L’Italia risulta quindi un paese diviso in tre tronconi: diretto da vecchi che tendono a evitare cambiamenti, con una generazione di mezzo frustrata che, come Carlo d’Inghilterra, si trova ad essere esclusa dal potere e sa che arriverà a raggiungerlo solo quando sarà ormai anch’essa anziana e priva di ogni entusiasmo e con i giovani, intendendosi per essi anche i trentenni, che sanno che troveranno per loro solo terra bruciata, lacrime, sangue e debiti da pagare.

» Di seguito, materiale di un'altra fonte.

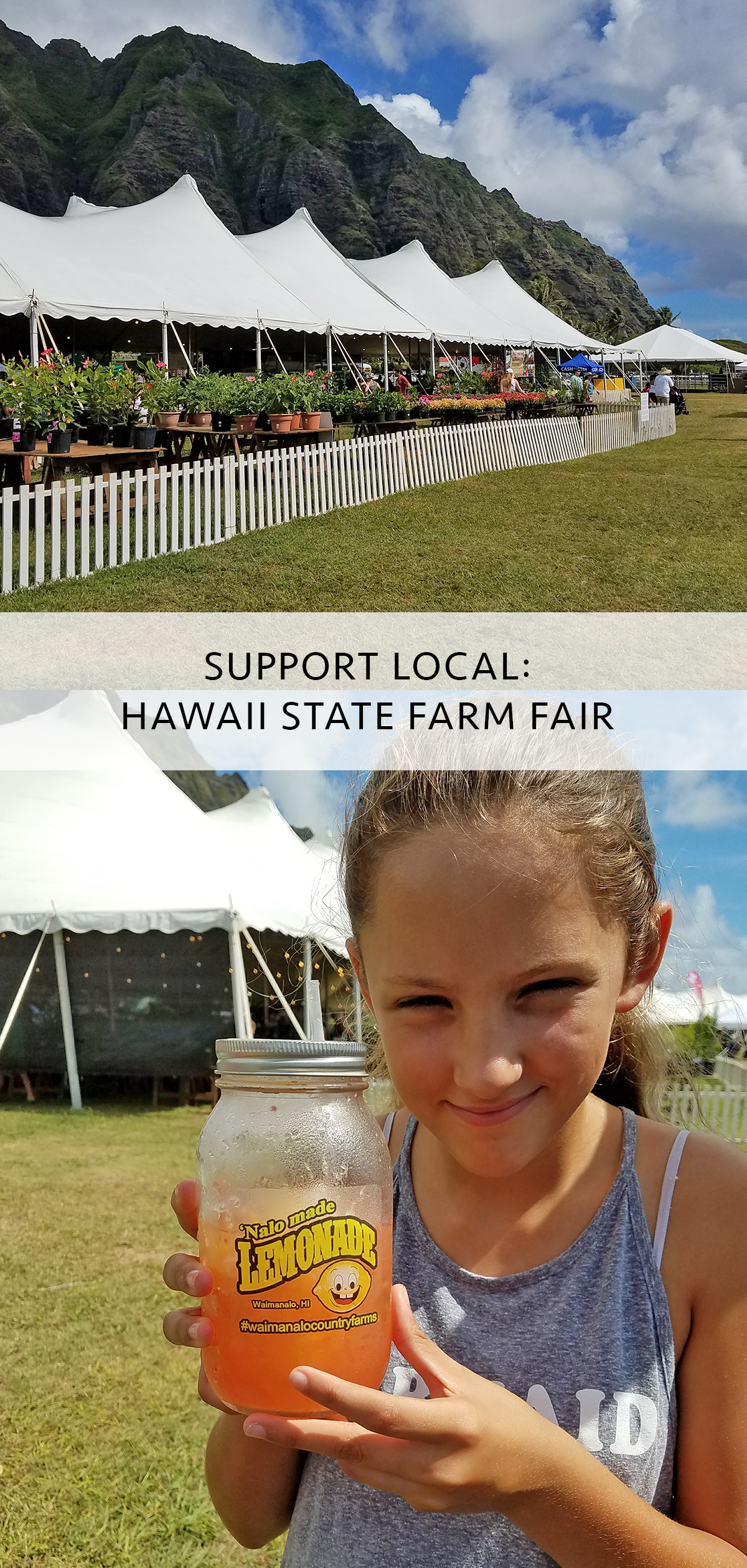 Hawaii State Farm Fair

In un mondo così privo del senso di comunità, ognuno cerca di fare il proprio interesse calpestando senza troppi rimorsi il prossimo. È così che si muovono i personaggi di Manzini. Tutti in attesa o in cerca della svolta, ovvero dell’evento che cambierà la loro vita.

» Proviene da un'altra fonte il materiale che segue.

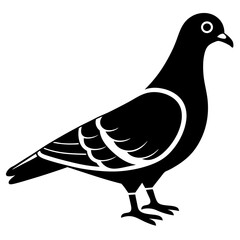 Pigeon dove bird silhouette vector art illustration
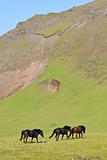 Three Icelandic horses walking through a field full of flax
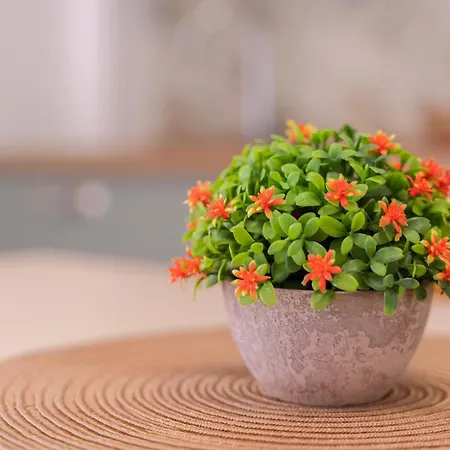 Misamar Διαμέρισμα Αλγκέρο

Riguardo al conflitto generazionale l’autore non prende una posizione precisa. Le anziane pensionate vengono rappresentate in un modo per niente simpatico, tutte prevaricatrici e concentrate egocentricamente su se stesse. La condanna del piano di sterminio deciso dalle alte sfere non è esplicita ma è connessa all’assurdità intrinseca della cosa. I giovani, d’altro canto, non appaiono affatto migliori degli anziani. Si potrebbe ben dire che il libro ha spesso momenti comici e ironici ma il quadro che presenta non è per niente divertente.

Dal punto di vista della trama, l’eccesso delle combinazioni e coincidenze che portano a far confluire le vicende dei vari personaggi appare un peccato veniale in questo genere di narrazione. Meno perdonabile risulta la violazione da parte di Manzini di una regola non scritta che gli appassionati del giallo si aspetterebbero di veder rispettata. Ma non è il caso di parlarne qui in dettaglio, per non togliere interesse alla lettura di questo comico e tragico libro.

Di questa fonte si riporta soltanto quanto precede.